写真:Lexus LS400_4_Engine

 トランスミッションはエンジンと協調制御する電子制御4速オートマティックだ。コンピュータでコンバータのオイル(専用フルード)流量をコントロールするスーパートルクコンバーターとした。変速時にはエンジン点火時期を微調整してトルク制御(30%低減まで)を行ない、変速ショックを抑え込んだ。

 サスペンションは構成する構造部品がすべて鍛造とされた新開発の4輪ダブルウイッシュボーンである。手間とコストを要する鍛造パーツの採用は云うまでもなく軽く高剛性を得るための手段だ。標準のダンパーはオイルとガスを別に封入したツインチューブとして、追従性に優れた構造とした。

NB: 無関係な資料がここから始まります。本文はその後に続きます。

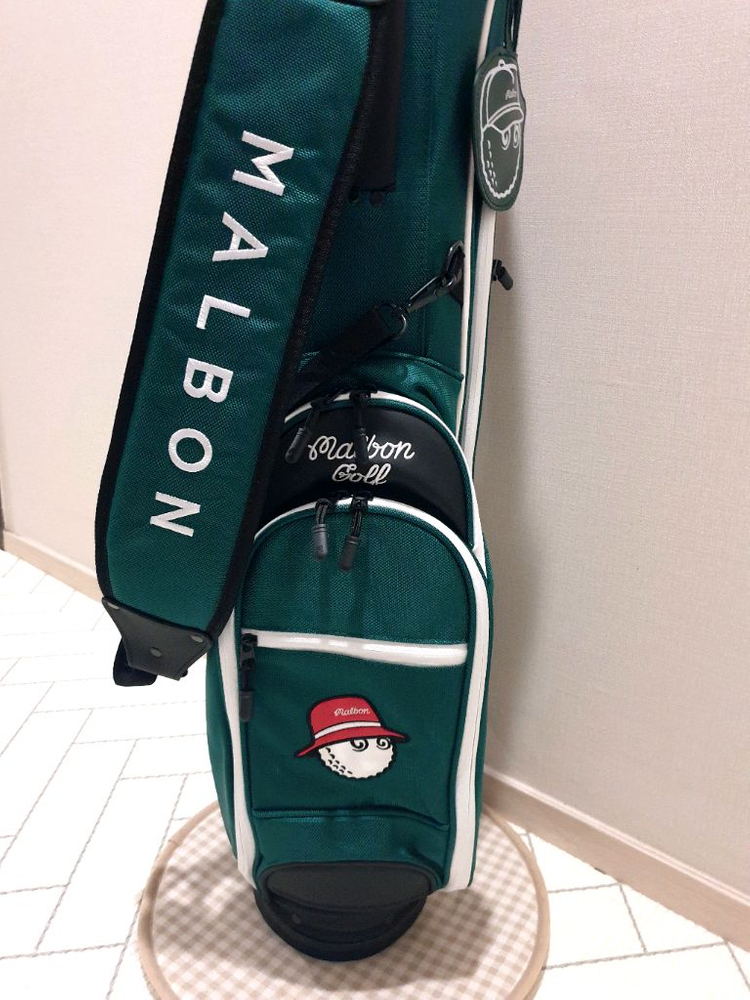 국내무료배송 골프백 캐디백 ( 말본 어뉴 어메이징크리 지포어 이미지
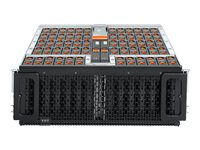 WD Ultrastar Data60 SE-4U60-06P05 - Kabinett för lagringsenheter - 60 fack (SATA-600 / SAS-3) - HDD 6 TB x 24 - kan monteras i rack - 4U 1ES1169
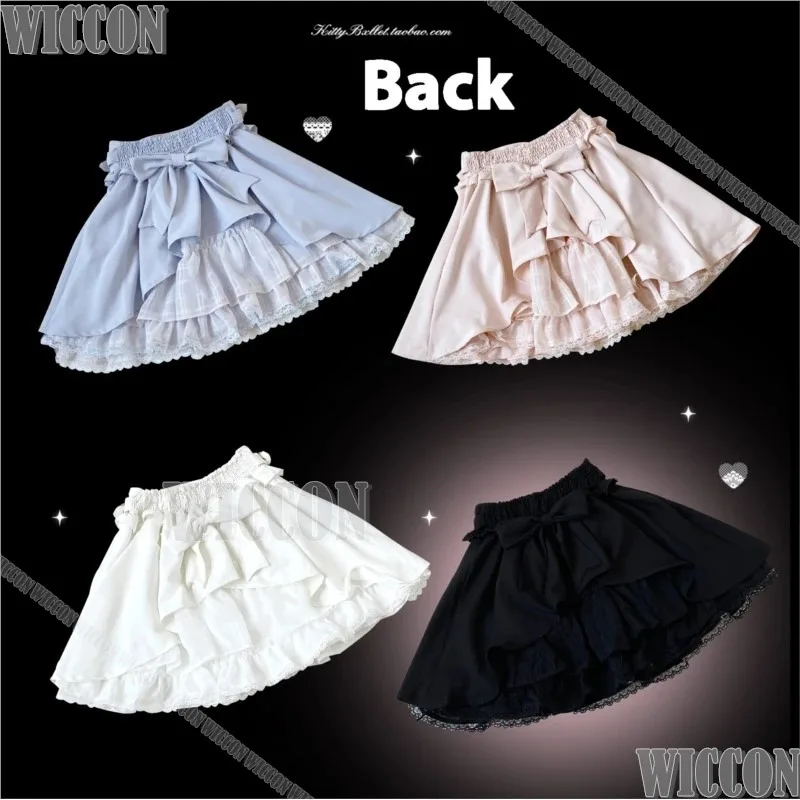 

COSda@Jirai Kei Overall Dress Y2K Girl Cosplay Clothes Detachable Shoulder Strap Cute Bow Skirt Women Suit Cos Carnival Customiz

 また、コイルバネ+ダンパーの機械式標準サスペンションのほかに、ピエゾTEMS+エアサス仕様が用意された。ピエゾTEMSはトヨタが80年代に高級スポーツ車ソアラなどで開発・搭載したTEMSの発展形で、通常走行でハード側に設置していても、並行段差などを乗り越える瞬間だけソフトに切り替える制御を組み込んだ高度なシステムだ。減衰力切り替えバルブ駆動にピエゾアクチュエーターを用いることで、従来のTEMSに較べて数倍の切り替え速度が得られていた。これが4輪独立感知、前後輪独立で左右同時に制御する。

■高い品質と電子制御の最新技術

 室内設計に用いられた素材も厳選された。本木目パネルの木材は北米原産のウォールナットを使い、1台ごとの木目を合わせて仕上げる工程には、楽器の仕上げで熟練した技術を持つヤマハの協力を仰いだ。メーターはアナログ方式だが、指針に放電管を採用し、映像として空間に浮かんでいるような自発光式のピュアトロンメーターを世界初採用した。

 ドアミラーにも世界初の超音波雨滴除去機能が盛り込まれ、ワイパーにはアームが伸縮するフルエリアワイピングシステムガ採用されるなど、初代セルシオにはエレクトロニクス最新技術も盛りだくさんだった。

 運転席に乗り込むと、その視界の良さに安心させられる。今にしてみればコンパクトなボディといえるが、当時としては大きく思えたセルシオだが、ボディの見切りは良好だった。前後に備わる歩行者や障害物を感知するソナーセンサーの音がやや煩わしいが、室内は恐ろしく静かだった。1976年にホンダからデビューした初代アコードで静粛性の高さに驚かされたが、それ以来の感動を味わったのがこの時だった。

■総合評価は高いが、果たして……

 初代セルシオが非常に良く出来たクルマだということは当時、誰もが認め、頷いた。いまでも同じ思いだ。しかし、残念なことに初代レクサスには、強烈な個性で人を惹きつけ、上級車とは何たるかを指し示すような強烈な個性に欠けていたのは確かだ。

 当時でもカローラは世界が認める優等生で、それだけで十分な価値があった。だが、高級あるいはラグジュアリーと呼ばれるクルマたちは、それだけでは不十分だ。欧州の伝統的な高級車といわれるブランドは、高品質・高性能を前提に或る意味で無駄が生む贅沢感、個性を発散して他車と明らかに異なる価値を持つ。或る意味で貴族的な階級感、差別意識に対してユーザーは対価を支払うのだ。

 果たして現在の「LEXUS LX」にそれらが備わったのだろうか。初代レクサス後の日本経済を称して“失われた20年”とも云われる今、国産車にとって何かが“得られた20年”だったのだろうか。